Bottled water is expected overtake soda in the U.S. market for the first time in 2017, according to a report in The Wall Street Journal.
The article, which cited projections by Beverage Marketing Corp., said that bottled water consumption increased by another 7 percent in 2014. Since 2000, Americans more than doubled their annual per capita intake of bottled water from 16.74 gallons to just over 34 gallons.
Soda consumption, meanwhile, declined from 53.17 gallons per capita in 2000 to nearly 40 gallons as of 2014 as Americans increasingly turned toward healthier options.
The trend, the Journal reports, is a problem for soda makers despite their increasing prevalence in the bottled water sector.
Coca-Cola and PepsiCo combined to control about one-fifth of the bottled water market — and are beginning to put more resources behind their products — but retail sales for soda nearly doubled those of water last year despite the narrowing gap in consumption.
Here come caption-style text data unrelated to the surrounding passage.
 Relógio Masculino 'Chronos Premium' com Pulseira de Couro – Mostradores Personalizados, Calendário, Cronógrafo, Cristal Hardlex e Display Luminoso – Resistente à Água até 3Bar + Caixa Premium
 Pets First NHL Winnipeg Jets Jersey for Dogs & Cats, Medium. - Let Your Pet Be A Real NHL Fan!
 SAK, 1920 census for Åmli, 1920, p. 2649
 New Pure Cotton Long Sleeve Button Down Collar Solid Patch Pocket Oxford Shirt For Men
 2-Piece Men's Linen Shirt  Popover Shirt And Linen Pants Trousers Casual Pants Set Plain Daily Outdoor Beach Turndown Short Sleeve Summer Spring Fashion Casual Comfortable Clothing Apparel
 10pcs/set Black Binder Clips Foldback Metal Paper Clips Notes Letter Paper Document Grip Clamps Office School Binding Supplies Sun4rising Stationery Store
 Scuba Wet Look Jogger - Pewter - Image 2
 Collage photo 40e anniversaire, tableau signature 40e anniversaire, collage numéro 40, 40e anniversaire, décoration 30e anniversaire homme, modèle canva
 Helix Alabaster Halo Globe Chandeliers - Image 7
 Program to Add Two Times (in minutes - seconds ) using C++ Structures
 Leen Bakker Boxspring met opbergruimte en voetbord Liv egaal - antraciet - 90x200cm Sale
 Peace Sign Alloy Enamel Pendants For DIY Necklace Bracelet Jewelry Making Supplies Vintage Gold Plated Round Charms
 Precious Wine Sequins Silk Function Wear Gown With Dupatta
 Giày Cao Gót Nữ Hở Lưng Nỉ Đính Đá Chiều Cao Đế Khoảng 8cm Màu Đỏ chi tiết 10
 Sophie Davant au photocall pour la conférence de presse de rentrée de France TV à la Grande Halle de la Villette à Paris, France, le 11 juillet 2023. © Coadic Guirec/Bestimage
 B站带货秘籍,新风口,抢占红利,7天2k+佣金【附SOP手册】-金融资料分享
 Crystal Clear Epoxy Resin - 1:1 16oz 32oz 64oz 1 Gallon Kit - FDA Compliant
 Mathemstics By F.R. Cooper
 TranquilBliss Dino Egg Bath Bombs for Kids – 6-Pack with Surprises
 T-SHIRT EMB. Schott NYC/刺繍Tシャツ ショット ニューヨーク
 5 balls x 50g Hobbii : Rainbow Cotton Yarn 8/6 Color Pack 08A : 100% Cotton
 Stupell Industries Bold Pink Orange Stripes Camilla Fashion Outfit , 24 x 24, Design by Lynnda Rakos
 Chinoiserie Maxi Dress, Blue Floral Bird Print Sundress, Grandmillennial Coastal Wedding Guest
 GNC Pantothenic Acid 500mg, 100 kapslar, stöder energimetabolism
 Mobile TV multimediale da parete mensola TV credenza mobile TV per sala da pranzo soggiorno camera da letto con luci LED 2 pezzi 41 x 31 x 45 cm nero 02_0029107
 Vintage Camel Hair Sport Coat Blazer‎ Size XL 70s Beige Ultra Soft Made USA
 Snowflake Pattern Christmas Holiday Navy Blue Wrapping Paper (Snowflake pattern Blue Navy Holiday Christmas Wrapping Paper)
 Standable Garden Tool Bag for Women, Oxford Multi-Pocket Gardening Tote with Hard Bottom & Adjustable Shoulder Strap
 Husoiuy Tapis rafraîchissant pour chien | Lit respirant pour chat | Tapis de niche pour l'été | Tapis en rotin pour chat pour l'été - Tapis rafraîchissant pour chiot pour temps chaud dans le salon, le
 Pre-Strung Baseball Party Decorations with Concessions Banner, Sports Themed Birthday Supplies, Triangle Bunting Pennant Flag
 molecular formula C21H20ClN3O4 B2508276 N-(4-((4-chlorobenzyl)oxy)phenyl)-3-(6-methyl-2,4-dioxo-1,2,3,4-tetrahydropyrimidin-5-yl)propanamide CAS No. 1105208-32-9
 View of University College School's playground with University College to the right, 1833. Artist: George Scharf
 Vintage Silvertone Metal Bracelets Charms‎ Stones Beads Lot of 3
And Nestle is now the third-largest non-alcoholic beverage company in the U.S. after its Pure Life and Poland Spring water outsold Dr Pepper Snapple Group's soft drink offerings.
Meanwhile, new, higher end water companies — some with backing from prominent investors — hope to carve out more of the market for themselves.
In addition to providing an alternative to soda, the Journal report suggests that Americans' increasing fixation on drinking enough water could also contribute to the industry, which continues to boom despite its obvious drawbacks — namely, its cost, its pollution and a general lack of scientific backing.